Pirmasens

Cut off, high up on a hill in the middle of the remote Rhineland-Palatinate (Rhineland-Pfalz in German), Primasens is an oddity of a town. Famous principally as the centre of a, once booming, shoe manufacturing company, the place now feels a little down at heel.

PfalzThis is a town best not approached on a bicycle. I was unfortunate enough to do so, up a never-ending hill from the valley below. It really is high up! And this makes up the bulk of any charm this largely industrial town has. It is high and airy, and laid-out across lots of steep hills. Even the central square is multi-story, with a massive staircase/ornamental waterfall leading up from the town hall to the main church.

Lying in a boarder region, Primasens and the surrounding area was much fought over during the middle-ages, despite being little more than a village until modern times. Only in the 18th century did it start to grow, first as a garrison town and then, principally in the 19th century as a shoe manufacturing centre.
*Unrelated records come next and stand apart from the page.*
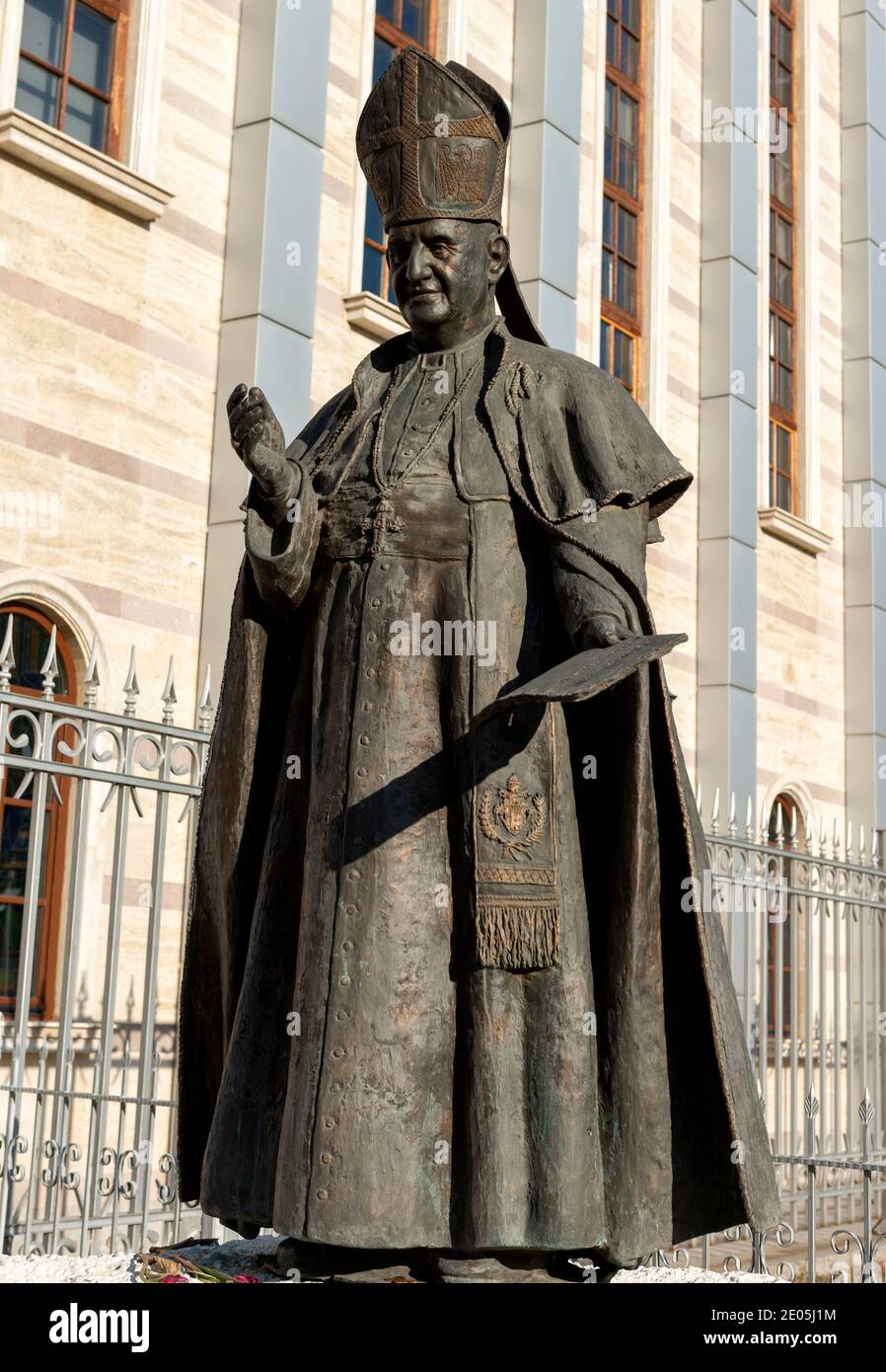Papa Giovanni XXIII statua di Carlo Balljana alla Chiesa cattolica di San Giuseppe a Sofia Bulgaria Europa orientale Foto Stock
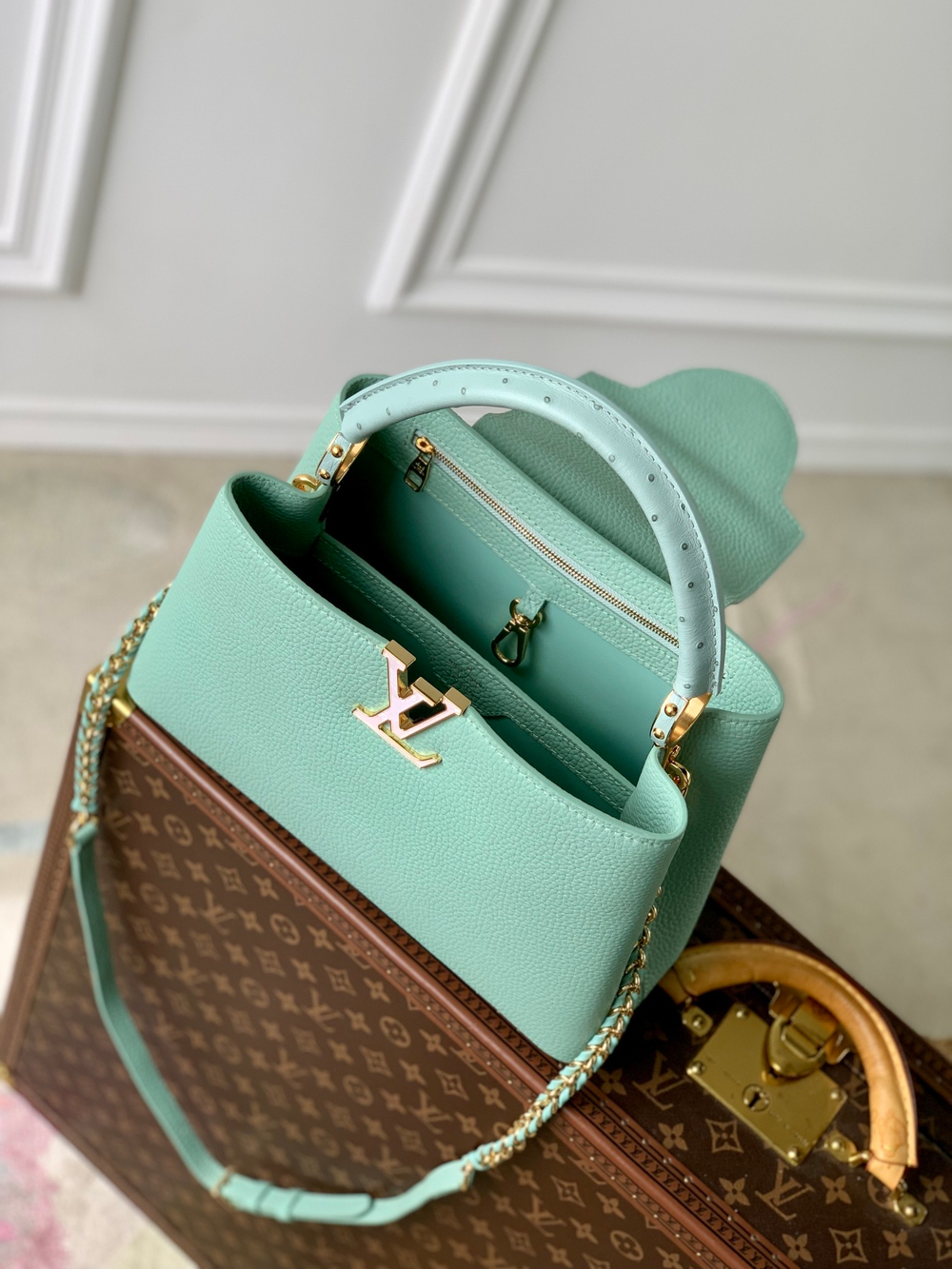 Louis Vuitton Capucines MM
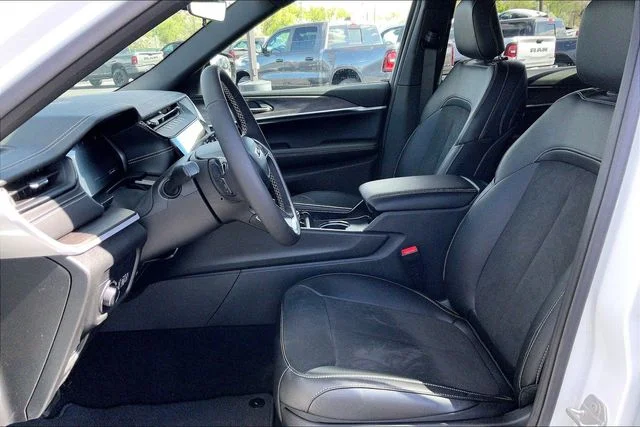 New 2026 Bright White Clear-Coat Exterior Paint Jeep Laredo image 9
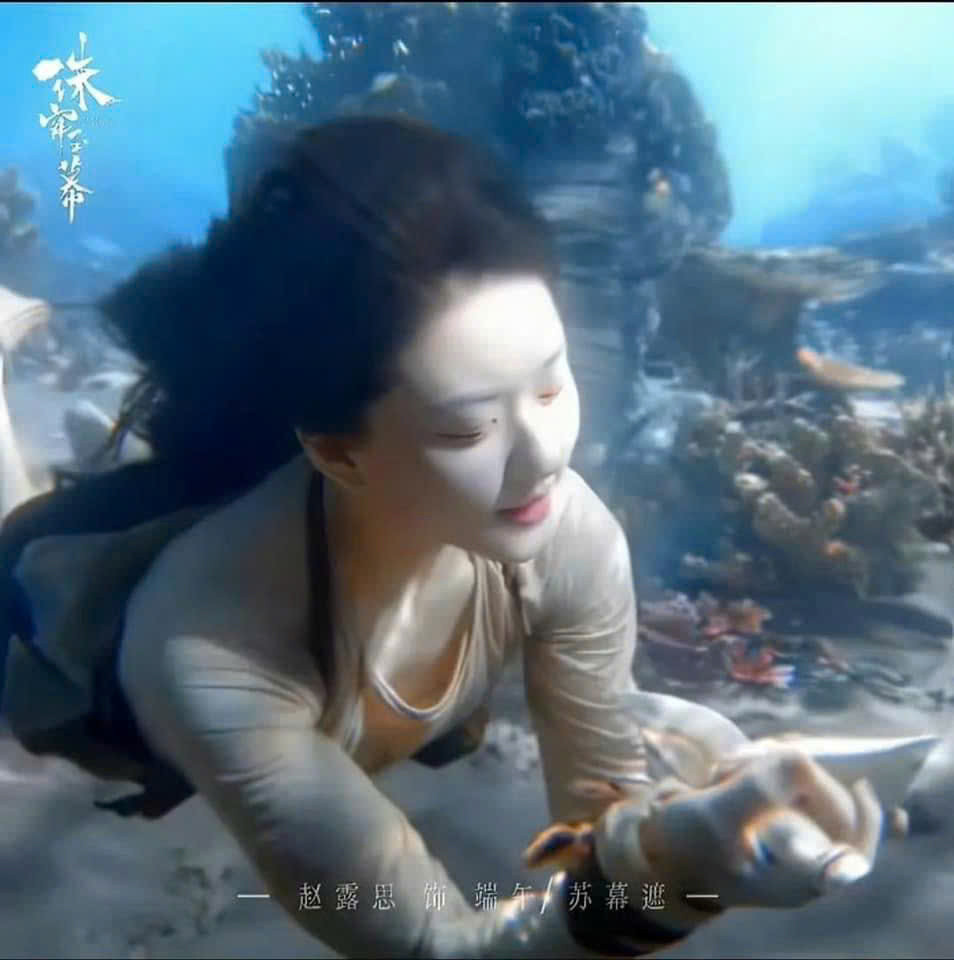 Cảnh quay dưới nước gây sốt của Triệu Lộ Tư. Ảnh: Weibo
Its ramshackle houses sprawl out over the hilly territory and reminded me a lot of some English towns. Perhaps a more colourful version of a small Northern industrial town. There are lots of three or four story residential terraced houses running down steep hills and decked in pastel coloured plaster. Unlike the pristine facades of Bavaria that I’m used to, much of this was a bit run-down and unkempt.

The town is not old. Mostly constructed from the end of the 19th century onwards. Even the central square, while flanked by older civic buildings was largely made up of glass shopping centres and that ornamental waterfall that cannot be more than 30 years old – maybe a lot younger.

Whatever age it is, the waterfall is an enjoyable central feature, a metal bulls head with enormous horns at the top of it and stairs bending round both sides. It looked great on a sunny evening.